Supplied entries =>
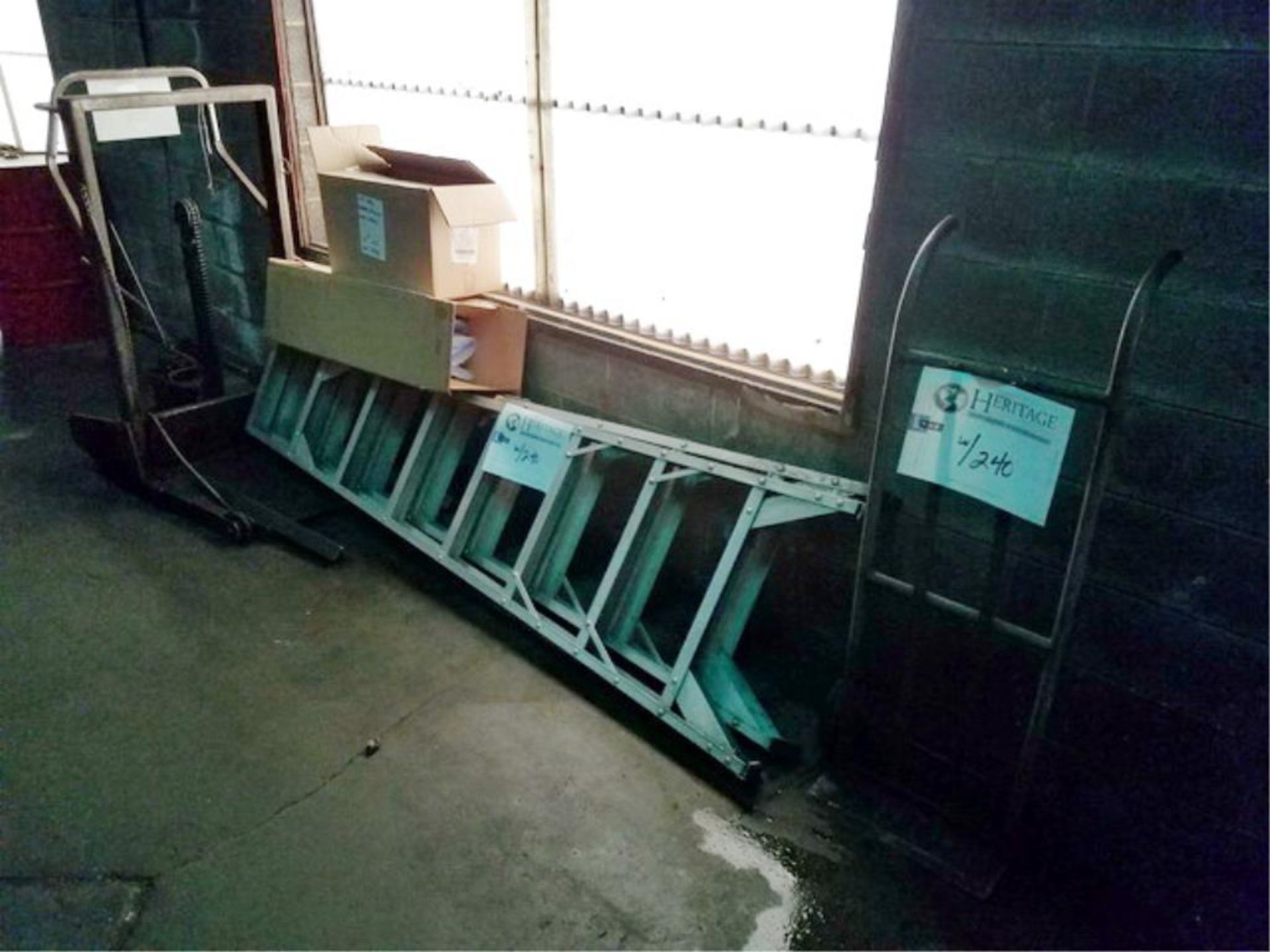 Lot (4pcs) Assorted Shop Equipment, includes: (2) metal step ladders, (1) hand hydraulic lift - Image 2 of 3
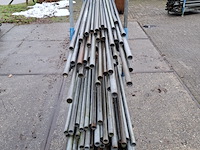 Partij steigerbuizen op 2x transportbok - afbeelding 7 van  11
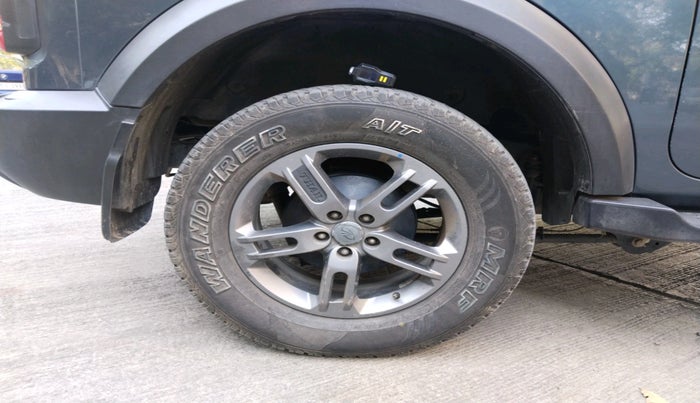 2021 Mahindra Thar LX PETROL HT 4WD AT, Petrol, Automatic, 26,917 km, tyre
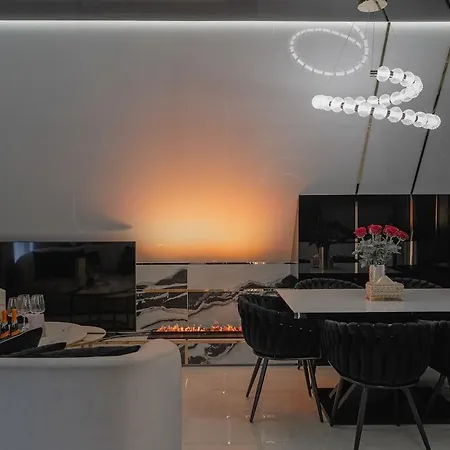 Nana Black&white Lux Διαμέρισμα Γκντανσκ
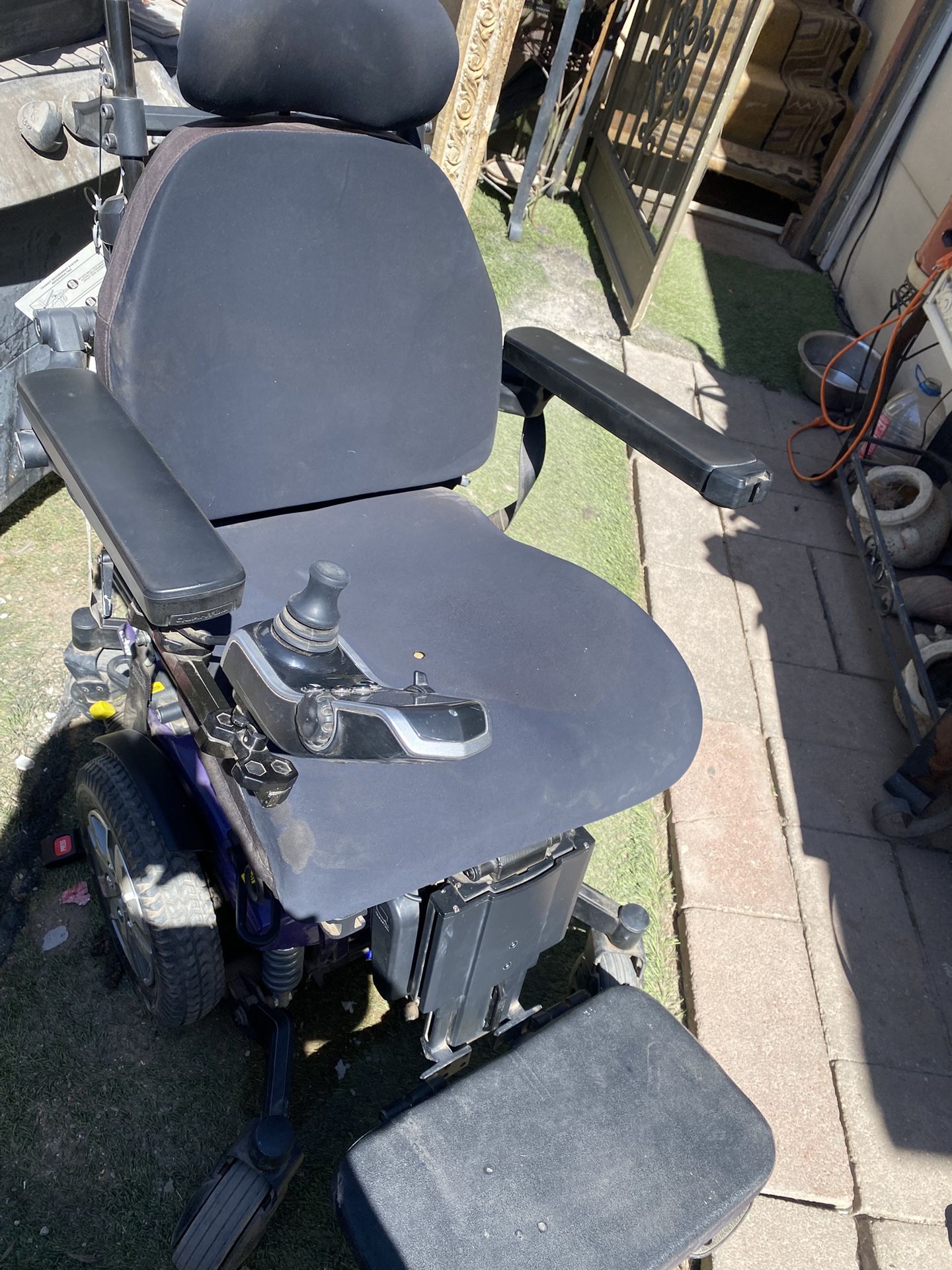 Quantum Edge 2.0 Electric scooter/Wheelchair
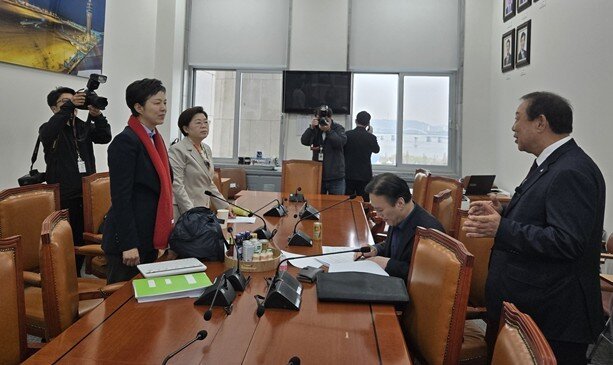 본문 이미지 - 30일 최민호 세종시장(맨 오른쪽)이  국회 교통위 김은혜 의원(오른쪽 두 번째)을 만나 행정수도특별법 처리 필요성을 설명하고 있다. (세종시 제공. 재판매 및 DB 금지)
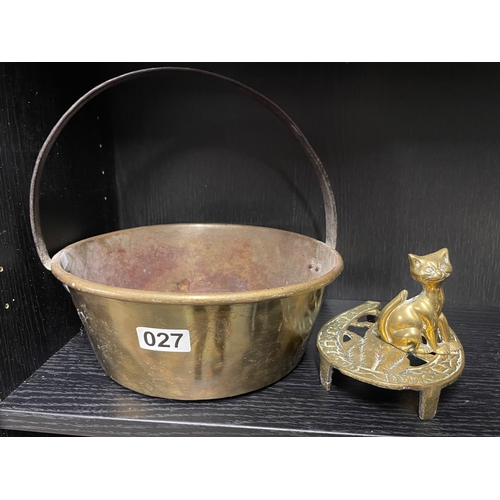 27 - Brass jam pan, cat and trivet
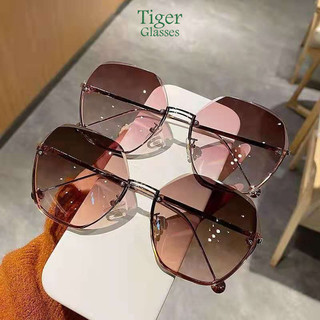 🕶️Ống kính chống bức xạ Thời trang Bảo vệ UV Kính râm Nam Nữ 8803
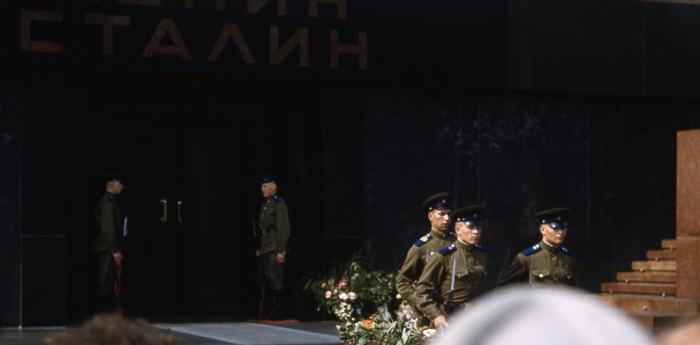 Смена караула у Мавзолея Ленина-Сталина в 1958 году, фото Томаса Хаммонда (1920—1993)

Exercise objective =>
Starting at the line with "Partij steigerbuizen op", reproduce exactly each line through the end of the entries, including the first and the last, and skip the pictures.

Written answer =>
 Partij steigerbuizen op 2x transportbok - afbeelding 7 van  11
 2021 Mahindra Thar LX PETROL HT 4WD AT, Petrol, Automatic, 26,917 km, tyre
 Nana Black&white Lux Διαμέρισμα Γκντανσκ
 Quantum Edge 2.0 Electric scooter/Wheelchair
 본문 이미지 - 30일 최민호 세종시장(맨 오른쪽)이  국회 교통위 김은혜 의원(오른쪽 두 번째)을 만나 행정수도특별법 처리 필요성을 설명하고 있다. (세종시 제공. 재판매 및 DB 금지)
 27 - Brass jam pan, cat and trivet
 🕶️Ống kính chống bức xạ Thời trang Bảo vệ UV Kính râm Nam Nữ 8803
 Смена караула у Мавзолея Ленина-Сталина в 1958 году, фото Томаса Хаммонда (1920—1993)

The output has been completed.